SELECT Name, Address, City, State, Latitude, Longitude, ( ACOS( COS(@center_latitude * (PI()/180)) * COS(@center_longitude * (PI()/180)) * COS(Latitude * (PI()/180)) * COS(Longitude * (PI()/180)) + COS(@center_latitude * (PI()/180)) * SIN(@center_longitude * (PI()/180)) * COS(Latitude * (PI()/180)) * SIN(Longitude * (PI()/180)) + SIN(@center_latitude * (PI()/180)) * SIN(Latitude * (PI()/180)) ) * ( (@equatorial_radius * @polar_radius) / ( SQRT( (@equatorial_radius * @equatorial_radius) - ( ( (@equatorial_radius * @equatorial_radius) - (@polar_radius * @polar_radius) ) * ( COS(@center_latitude) * COS(@center_latitude) ) ) ) ) ) ) AS Miles FROM Places WHERE Miles <= @search_radius
This query accepts a center lat/long (the customer location) and a radius (the distance from the location to search) and finds any known locations within that distance from the center and notes that distance in miles (so we can sort and find the closest).
It also accepts parameters for the radius of the Earth. The radius of the Earth can be expressed in many various ways. For simplification, we'll use these:
@equatorial_radius = 3963.190 miles
@polar_radius = 3949.902 miles
(Note that this equatorial radius may not account for the crust displacement during the 2004 Indian Ocean earthquake.)

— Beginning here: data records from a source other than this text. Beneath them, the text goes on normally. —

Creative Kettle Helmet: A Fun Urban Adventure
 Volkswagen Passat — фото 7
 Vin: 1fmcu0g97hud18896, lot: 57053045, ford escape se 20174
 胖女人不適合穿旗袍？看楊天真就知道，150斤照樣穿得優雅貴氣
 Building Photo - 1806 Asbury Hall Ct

This distance calculation not only plots a circle around the area, but in the projection of that circle onto the plane of the Earth it accounts for the curvature of the Earth’s surface and the bulging at the equator, derived from the WGS-84 ellipsoid model.
We never did get around to using this at a previous job. (They plotted searches as rectangles around the center... ew. Just goes to show how a fundamentally broken business idea can churn out sub-par results from an otherwise intelligent and talented team of developers.) But maybe I'll finally get a chance to use it here.